[Source information Boundary: Start]

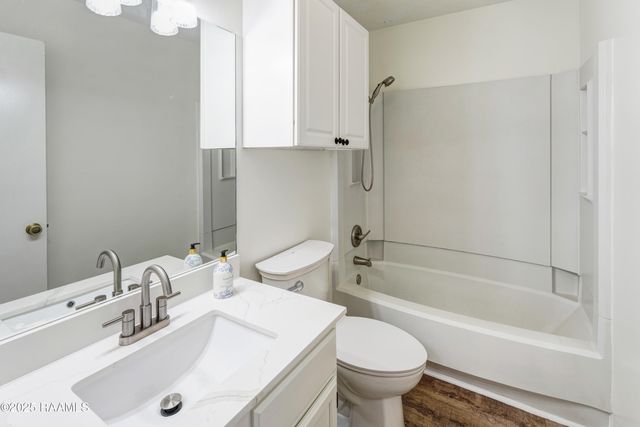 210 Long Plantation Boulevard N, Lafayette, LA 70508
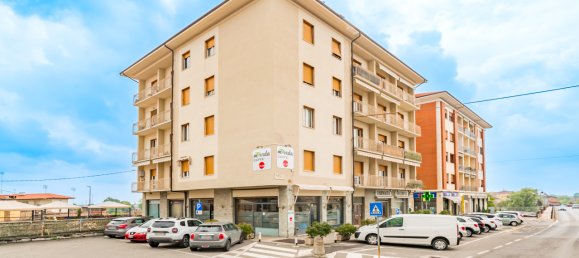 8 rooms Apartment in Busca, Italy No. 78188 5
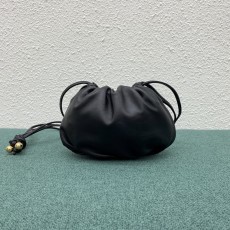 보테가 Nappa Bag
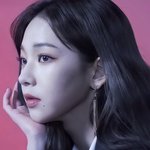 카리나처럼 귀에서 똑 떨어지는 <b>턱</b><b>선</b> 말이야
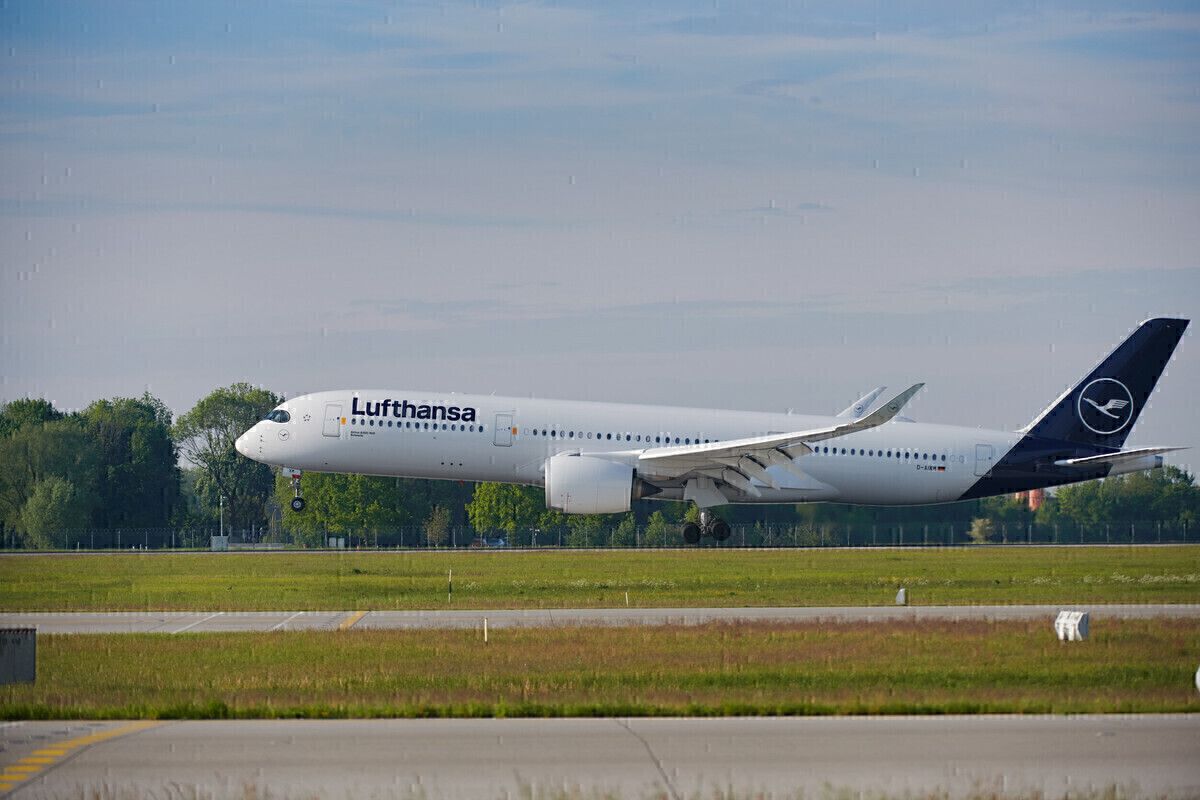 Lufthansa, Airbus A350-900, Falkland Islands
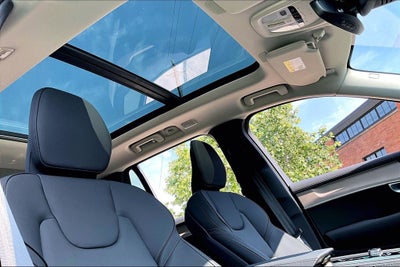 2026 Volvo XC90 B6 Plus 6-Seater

[Source information Boundary: End]
[Source information Boundary: Start]

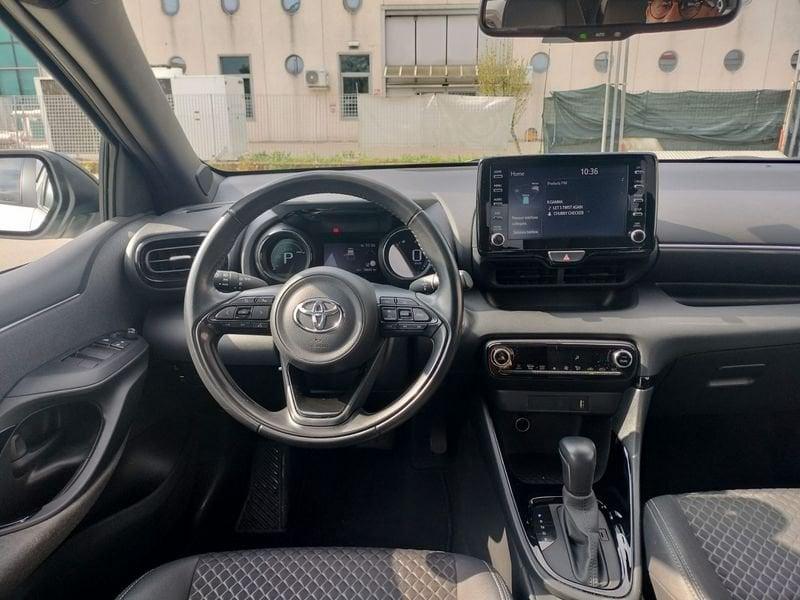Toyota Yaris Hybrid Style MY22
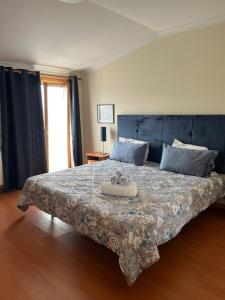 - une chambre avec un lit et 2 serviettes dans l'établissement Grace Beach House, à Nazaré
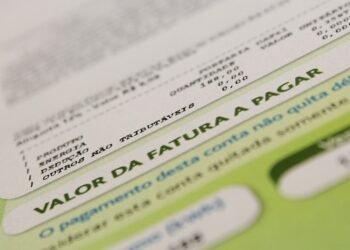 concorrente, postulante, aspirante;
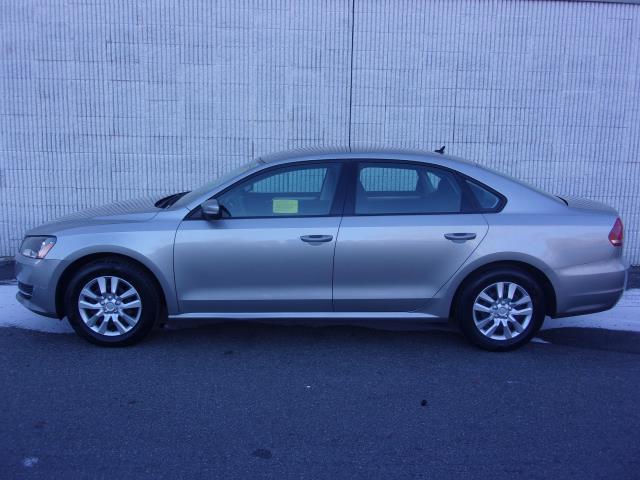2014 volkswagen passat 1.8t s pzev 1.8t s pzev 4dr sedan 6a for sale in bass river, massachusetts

[Source information Boundary: End]

Requirement
From the listing above, please give again the lines that begin with the line holding "210 Long Plantation" and go on through the line holding "2026 Volvo XC90 B6 Plus 6-Seater", exactly, both ends included, minus any picture.

Answer for this exercise
 210 Long Plantation Boulevard N, Lafayette, LA 70508
 8 rooms Apartment in Busca, Italy No. 78188 5
 보테가 Nappa Bag
 카리나처럼 귀에서 똑 떨어지는 <b>턱</b><b>선</b> 말이야
 Lufthansa, Airbus A350-900, Falkland Islands
 2026 Volvo XC90 B6 Plus 6-Seater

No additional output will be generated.